Child and adolescent nurse exemplifies the compassion Rogers is known for02/20/18 03:08:pm
It’s rare for someone to enter psychiatric nursing straight out of school, but that’s exactly what Samantha Stotler, RN, did when she graduated from Concordia University of Wisconsin in May 2016.
Samantha joined the Child and Adolescent Eating Disorder unit of Rogers–Oconomowoc in August 2016 because she “wanted to work somewhere where I could make a difference to my patients and help them overcome the struggles they may be facing.”
She was first inspired to become a nurse by her grandmother, who was a retired nurse while she was growing up. Samantha says that she would examine her grandmother’s old nursing books with intrigue and used her stethoscope to nurse her stuffed animals back to health. After growing up a bit more, she understood what the day-to-day of being a nurse meant, and it solidified her decision.

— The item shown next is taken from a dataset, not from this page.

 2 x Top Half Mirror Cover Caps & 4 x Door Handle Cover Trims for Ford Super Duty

“I knew it was what I was meant to do,” Samantha says. “I love patient to nurse interaction and being able to help my patients get one step closer to a healthy lifestyle.”
Samantha has already made what she says are “many amazing memories” despite only being with Rogers for a little over a year now. On memory in particular sticks out for her.

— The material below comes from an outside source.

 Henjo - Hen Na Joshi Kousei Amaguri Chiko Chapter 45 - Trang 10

“I was sitting with a group of patients and something was “off” with one of them,” she explains. “They always tell you in nursing school that you’ll experience moments like these; where something doesn’t feel right but you aren’t able to pinpoint it. When we came back inside, I pulled the patient aside to talk and see if she was doing okay.
“She disclosed that she had strong self-harm and suicidal thoughts with a plan and intent to act that evening.”
Samantha talked with the patient for an hour, helping her to process her thoughts and develop a safety plan together. While the patient was initially upset that she would have to be placed on 1:1 supervision, Samantha convinced her that it was necessary.
“We talked about the importance of a 1:1 and that if I didn’t call the doctor, that I wouldn’t be doing my job, which is to ensure that she is safe,” she shares. “We talked a little longer and she accepted that a 1:1 was the right thing for her safety.”
When Samantha talked with her the next day with the patient, she was surprised at the reaction she received.
“The following day when I was checking in with her she randomly said ‘Thank you.’ I wasn’t sure what she was thanking me for, so when I asked, she said ‘for taking the time to notice something was wrong yesterday; most people wouldn’t have noticed.’”
Samantha says that she was taken aback by the comment, and that that in her mind, she was only doing her job. Experiences like these are what keep Samantha going, even on the tougher days, she says.
“We oftentimes work with patients who don’t want to recover and push back on the care we are providing them, so when a patient says thank you and sincerely means it, it sticks with you.”
Samantha enjoys spending time with family and friends, reading, and enjoying time outside. She also loves taking part in typical seasonal and holiday activities and says she can’t turn down a new adventure.